From Brooklyn to Paris and from the 18th-century to the 21st, Jennifer Donnelly’s Revolution covers a vast spread of geography, culture, and time. Emily Janice Card does the heavy lifting in her narration of Andi Alpers, a Brooklyn prep school misfit and gifted musician with enough life experience for someone three times her age. Card delivers Andi’s heartbreak and depression with remarkable awareness, her intonation constantly evolving and adapting to the development of the character. When Andi finds a mysterious archaic diary while accompanying her father on a trip to Paris, narrator Emma Bering voices a smaller but vital role as Alexandrine, a French actress living in Versaille as a companion to Louis Charles, son of King Louis XVI and Marie Antoinette, in Revolution-era France. Card and Bering’s collaboration yields a stunning performance of an alliance between two women separated by three centuries. Revolution will charm Francophiles, historians, and musicians alike.

Following the tragic death of her younger brother and the divorce of her mother and father, Andi spirals into a severe depression. Arguably the most stable in this arrangement, her father, an award-winning genetics professor at Harvard, takes notice when he discovers that Andi is in danger of failing out of high school. He insists that she join him on a business trip to Paris to focus on writing her senior thesis and her mental wellness. Initially reluctant to leave her mother behind, Andi soon finds a reason to explore Paris — the diary written by Alexandrine detailing the final days of the French monarchy and the Reign of Terror.

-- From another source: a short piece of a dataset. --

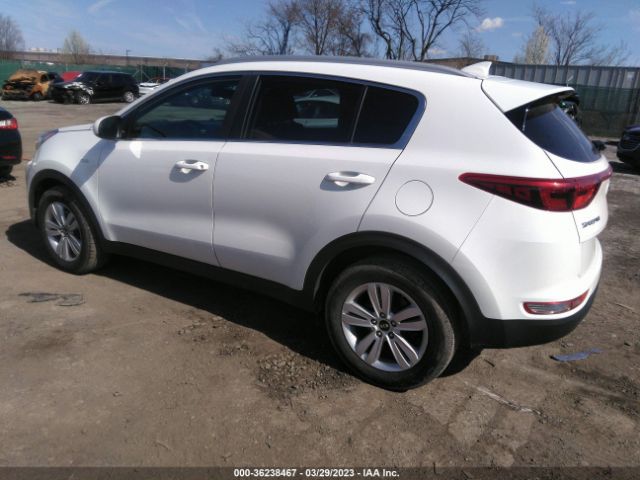 KNDPMCAC4K7555833 KIA Sportage Lx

The entanglement of Andi and Alexandrine’s storylines as Andi becomes engrossed in the diary offers a fascinating glimpse into both contemporary and 18th-century Paris. Donnelly’s striking construction of these two worlds is accompanied by Andi’s acute perception and passion for music of all eras. From Beethoven to Radiohead, music plays a central role in Andi’s emotional recovery and journey throughout Revolution. Card inhabits the music’s supporting role ardently. —Suzanne Day

Publisher's Summary

Brooklyn
Andi Alpers is on the edge. She’s angry at her father for leaving, angry at her mother for not being able to cope, and heartbroken by the loss of her younger brother, Truman. Rage and grief are destroying her. And she’s about to be expelled from Brooklyn Heights’ most prestigious private school when her father intervenes. Now Andi must accompany him to Paris for winter break.

Paris
Alexandrine Paradis lived over two centuries ago. She dreamed of making her mark on the Paris stage, but a fateful encounter with a doomed prince of France cast her in a tragic role she didn’t want - and couldn’t escape.

Two girls, two centuries apart. One never knowing the other. But when Andi finds Alexandrine’s diary, she recognizes something in her words and is moved to the point of obsession. There’s comfort and distraction for Andi in the journal’s antique pages - until, on a midnight journey through the catacombs of Paris, Alexandrine’s words transcend paper and time, and the past becomes suddenly, terrifyingly present.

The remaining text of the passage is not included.